● **Aim of the exercise**:
Please copy, exactly as they appear below, the lines from the one containing "2 Bedroom Apartment" through the one containing "Building Photo - 4220 Sunrise Blvd".

---- Dataset content

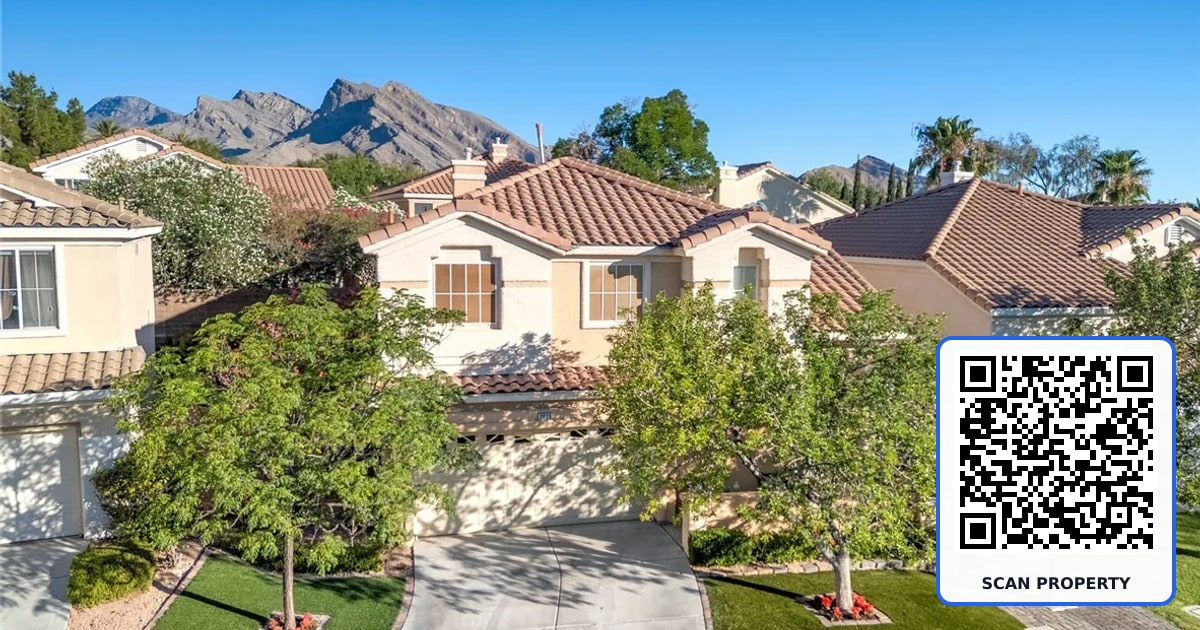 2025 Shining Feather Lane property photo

--------
---- Dataset content

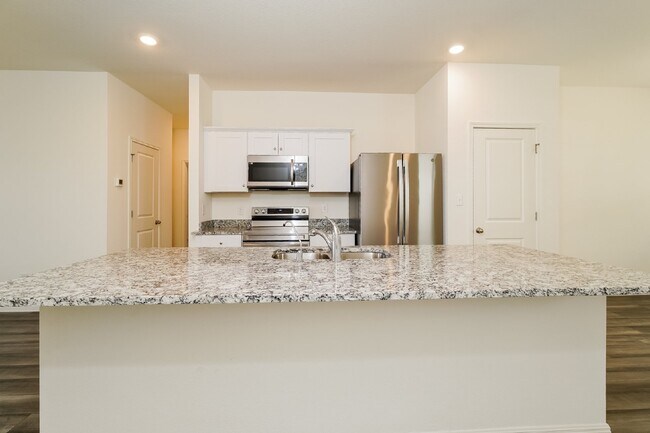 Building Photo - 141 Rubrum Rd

--------
---- Dataset content

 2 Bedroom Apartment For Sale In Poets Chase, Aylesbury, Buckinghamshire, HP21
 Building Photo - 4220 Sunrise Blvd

--------

● **Answer section**:
 2 Bedroom Apartment For Sale In Poets Chase, Aylesbury, Buckinghamshire, HP21
 Building Photo - 4220 Sunrise Blvd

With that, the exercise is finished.